## [REQUIRED ACTION]
Everything from the line containing "Deer Run at Lake Lure - Residential" through the final line of the entries below should be repeated exactly, and nothing else.

_____

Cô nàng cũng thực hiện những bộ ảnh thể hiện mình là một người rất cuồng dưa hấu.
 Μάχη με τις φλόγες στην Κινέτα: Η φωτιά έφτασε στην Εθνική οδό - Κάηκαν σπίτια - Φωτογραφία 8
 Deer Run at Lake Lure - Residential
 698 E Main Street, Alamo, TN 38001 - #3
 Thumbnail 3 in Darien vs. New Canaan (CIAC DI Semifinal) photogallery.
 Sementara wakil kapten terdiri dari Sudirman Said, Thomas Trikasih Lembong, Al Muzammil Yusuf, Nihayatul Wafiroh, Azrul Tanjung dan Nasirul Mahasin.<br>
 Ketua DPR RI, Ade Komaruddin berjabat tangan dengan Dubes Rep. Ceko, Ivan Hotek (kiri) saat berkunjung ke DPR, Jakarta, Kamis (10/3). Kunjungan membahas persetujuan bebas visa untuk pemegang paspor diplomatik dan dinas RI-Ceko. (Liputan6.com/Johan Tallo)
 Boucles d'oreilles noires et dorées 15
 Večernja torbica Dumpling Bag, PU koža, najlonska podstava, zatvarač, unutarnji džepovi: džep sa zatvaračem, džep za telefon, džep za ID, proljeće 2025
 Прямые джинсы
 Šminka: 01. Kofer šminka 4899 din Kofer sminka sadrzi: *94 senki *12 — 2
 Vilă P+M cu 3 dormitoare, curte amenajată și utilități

_____

## [SOLUTION FOR THIS PROBLEM]
 Deer Run at Lake Lure - Residential
 698 E Main Street, Alamo, TN 38001 - #3
 Thumbnail 3 in Darien vs. New Canaan (CIAC DI Semifinal) photogallery.
 Sementara wakil kapten terdiri dari Sudirman Said, Thomas Trikasih Lembong, Al Muzammil Yusuf, Nihayatul Wafiroh, Azrul Tanjung dan Nasirul Mahasin.<br>
 Ketua DPR RI, Ade Komaruddin berjabat tangan dengan Dubes Rep. Ceko, Ivan Hotek (kiri) saat berkunjung ke DPR, Jakarta, Kamis (10/3). Kunjungan membahas persetujuan bebas visa untuk pemegang paspor diplomatik dan dinas RI-Ceko. (Liputan6.com/Johan Tallo)
 Boucles d'oreilles noires et dorées 15
 Večernja torbica Dumpling Bag, PU koža, najlonska podstava, zatvarač, unutarnji džepovi: džep sa zatvaračem, džep za telefon, džep za ID, proljeće 2025
 Прямые джинсы
 Šminka: 01. Kofer šminka 4899 din Kofer sminka sadrzi: *94 senki *12 — 2
 Vilă P+M cu 3 dormitoare, curte amenajată și utilități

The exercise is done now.